_Task to carry out_: Return the lines below that contain the word "Cartoon".

_Data records_:
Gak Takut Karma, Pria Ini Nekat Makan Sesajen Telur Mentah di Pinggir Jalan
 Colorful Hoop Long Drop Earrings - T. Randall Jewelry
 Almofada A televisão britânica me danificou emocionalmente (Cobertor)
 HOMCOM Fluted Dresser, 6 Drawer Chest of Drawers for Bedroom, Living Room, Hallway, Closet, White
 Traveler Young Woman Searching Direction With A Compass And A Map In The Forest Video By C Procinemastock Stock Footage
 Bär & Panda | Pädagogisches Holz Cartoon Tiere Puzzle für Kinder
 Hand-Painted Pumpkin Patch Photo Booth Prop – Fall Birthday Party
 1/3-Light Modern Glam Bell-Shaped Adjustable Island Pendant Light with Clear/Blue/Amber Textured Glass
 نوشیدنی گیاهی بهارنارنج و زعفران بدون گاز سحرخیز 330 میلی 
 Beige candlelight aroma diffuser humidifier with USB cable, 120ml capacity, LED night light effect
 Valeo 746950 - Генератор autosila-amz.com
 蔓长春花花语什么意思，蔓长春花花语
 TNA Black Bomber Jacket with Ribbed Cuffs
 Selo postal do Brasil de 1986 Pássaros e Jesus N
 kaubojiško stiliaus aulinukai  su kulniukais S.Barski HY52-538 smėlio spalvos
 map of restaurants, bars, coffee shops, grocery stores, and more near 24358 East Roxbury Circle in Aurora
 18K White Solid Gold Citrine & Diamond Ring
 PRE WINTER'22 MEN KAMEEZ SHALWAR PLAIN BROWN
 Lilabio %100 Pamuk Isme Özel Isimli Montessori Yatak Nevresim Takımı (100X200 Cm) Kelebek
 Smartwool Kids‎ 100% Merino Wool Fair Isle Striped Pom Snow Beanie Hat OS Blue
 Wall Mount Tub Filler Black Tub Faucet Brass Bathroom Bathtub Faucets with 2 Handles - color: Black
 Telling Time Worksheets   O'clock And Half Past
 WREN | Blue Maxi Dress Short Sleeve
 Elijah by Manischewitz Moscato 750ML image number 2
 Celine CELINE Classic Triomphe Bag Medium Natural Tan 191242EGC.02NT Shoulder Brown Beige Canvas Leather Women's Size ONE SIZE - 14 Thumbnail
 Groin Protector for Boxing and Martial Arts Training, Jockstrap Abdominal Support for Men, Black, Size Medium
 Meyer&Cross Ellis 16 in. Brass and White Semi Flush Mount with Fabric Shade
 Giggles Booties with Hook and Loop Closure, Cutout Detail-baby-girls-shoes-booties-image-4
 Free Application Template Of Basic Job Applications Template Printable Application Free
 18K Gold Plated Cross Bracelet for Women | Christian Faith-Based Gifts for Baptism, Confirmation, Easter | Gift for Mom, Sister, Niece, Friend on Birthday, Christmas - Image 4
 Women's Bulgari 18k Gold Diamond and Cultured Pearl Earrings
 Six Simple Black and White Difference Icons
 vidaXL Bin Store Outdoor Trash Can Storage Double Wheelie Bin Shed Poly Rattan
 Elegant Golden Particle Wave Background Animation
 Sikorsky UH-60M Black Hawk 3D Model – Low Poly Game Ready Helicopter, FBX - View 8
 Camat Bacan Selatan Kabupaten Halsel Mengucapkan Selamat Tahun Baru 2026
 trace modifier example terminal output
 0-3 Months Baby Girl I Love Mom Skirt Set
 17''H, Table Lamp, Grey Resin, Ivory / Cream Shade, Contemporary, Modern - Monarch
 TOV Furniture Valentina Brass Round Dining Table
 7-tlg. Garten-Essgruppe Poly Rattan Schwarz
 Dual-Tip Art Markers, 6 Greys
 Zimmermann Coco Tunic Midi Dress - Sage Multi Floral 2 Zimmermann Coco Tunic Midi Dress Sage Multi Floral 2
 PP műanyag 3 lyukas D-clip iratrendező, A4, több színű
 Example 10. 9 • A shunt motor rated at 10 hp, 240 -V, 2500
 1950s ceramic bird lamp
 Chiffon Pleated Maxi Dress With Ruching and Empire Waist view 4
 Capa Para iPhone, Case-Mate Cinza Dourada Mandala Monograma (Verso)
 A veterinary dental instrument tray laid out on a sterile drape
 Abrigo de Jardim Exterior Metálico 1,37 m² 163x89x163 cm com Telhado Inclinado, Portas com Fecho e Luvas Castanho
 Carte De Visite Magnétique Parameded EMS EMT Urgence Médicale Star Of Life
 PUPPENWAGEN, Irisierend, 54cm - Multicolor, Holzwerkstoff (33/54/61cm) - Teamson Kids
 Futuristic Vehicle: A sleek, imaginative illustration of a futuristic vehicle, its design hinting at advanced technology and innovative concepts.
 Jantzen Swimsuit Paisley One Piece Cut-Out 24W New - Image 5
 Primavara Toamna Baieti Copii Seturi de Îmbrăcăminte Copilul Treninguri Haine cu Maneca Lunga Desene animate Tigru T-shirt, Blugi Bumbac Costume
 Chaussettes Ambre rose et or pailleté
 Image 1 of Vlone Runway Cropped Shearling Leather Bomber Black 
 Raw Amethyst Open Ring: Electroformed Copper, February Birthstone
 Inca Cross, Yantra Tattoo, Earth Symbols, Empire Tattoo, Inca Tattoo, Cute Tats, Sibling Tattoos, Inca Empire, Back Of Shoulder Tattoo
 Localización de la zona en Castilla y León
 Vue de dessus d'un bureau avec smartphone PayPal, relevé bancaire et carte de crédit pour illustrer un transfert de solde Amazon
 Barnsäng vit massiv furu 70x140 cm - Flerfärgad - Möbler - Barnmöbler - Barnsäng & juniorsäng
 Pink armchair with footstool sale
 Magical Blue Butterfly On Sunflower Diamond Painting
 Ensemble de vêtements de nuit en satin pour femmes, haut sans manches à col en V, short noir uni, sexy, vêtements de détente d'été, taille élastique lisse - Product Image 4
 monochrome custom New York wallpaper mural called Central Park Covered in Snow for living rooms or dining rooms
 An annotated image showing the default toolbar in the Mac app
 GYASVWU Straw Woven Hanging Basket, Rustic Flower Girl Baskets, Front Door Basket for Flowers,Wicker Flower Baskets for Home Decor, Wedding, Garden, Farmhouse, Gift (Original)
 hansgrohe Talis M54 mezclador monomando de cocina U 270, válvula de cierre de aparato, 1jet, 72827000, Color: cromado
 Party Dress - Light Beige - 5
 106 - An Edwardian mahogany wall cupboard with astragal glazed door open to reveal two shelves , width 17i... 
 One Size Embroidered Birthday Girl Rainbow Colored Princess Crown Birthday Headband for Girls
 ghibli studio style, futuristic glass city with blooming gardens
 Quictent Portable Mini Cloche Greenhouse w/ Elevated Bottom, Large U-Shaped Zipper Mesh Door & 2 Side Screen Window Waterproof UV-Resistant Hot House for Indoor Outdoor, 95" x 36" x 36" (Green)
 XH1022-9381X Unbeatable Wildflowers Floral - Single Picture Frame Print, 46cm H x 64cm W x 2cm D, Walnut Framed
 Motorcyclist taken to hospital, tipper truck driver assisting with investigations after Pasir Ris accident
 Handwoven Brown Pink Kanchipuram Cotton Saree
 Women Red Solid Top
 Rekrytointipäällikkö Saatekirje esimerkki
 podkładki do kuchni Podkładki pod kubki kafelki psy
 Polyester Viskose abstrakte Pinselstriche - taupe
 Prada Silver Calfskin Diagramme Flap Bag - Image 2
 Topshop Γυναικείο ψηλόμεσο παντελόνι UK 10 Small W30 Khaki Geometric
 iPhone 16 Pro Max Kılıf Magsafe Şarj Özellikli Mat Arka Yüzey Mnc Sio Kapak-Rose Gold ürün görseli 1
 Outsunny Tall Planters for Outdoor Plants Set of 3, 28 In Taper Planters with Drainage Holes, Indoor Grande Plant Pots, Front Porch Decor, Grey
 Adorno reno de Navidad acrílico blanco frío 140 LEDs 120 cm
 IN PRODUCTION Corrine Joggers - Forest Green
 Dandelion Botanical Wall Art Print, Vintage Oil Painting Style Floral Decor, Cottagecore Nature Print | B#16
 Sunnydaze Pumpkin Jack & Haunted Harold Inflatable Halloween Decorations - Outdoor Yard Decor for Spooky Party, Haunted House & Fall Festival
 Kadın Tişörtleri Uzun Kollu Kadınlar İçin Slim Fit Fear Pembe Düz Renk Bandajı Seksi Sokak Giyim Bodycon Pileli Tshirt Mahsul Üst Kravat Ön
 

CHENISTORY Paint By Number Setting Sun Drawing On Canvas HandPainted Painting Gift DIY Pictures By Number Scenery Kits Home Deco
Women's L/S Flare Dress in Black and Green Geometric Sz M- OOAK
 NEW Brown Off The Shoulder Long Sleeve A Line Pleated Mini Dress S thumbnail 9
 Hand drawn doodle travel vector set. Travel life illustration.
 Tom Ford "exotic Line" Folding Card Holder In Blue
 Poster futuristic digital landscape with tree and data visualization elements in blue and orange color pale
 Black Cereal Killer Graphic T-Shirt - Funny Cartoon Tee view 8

_Task solution_:
 Bär & Panda | Pädagogisches Holz Cartoon Tiere Puzzle für Kinder
 Black Cereal Killer Graphic T-Shirt - Funny Cartoon Tee view 8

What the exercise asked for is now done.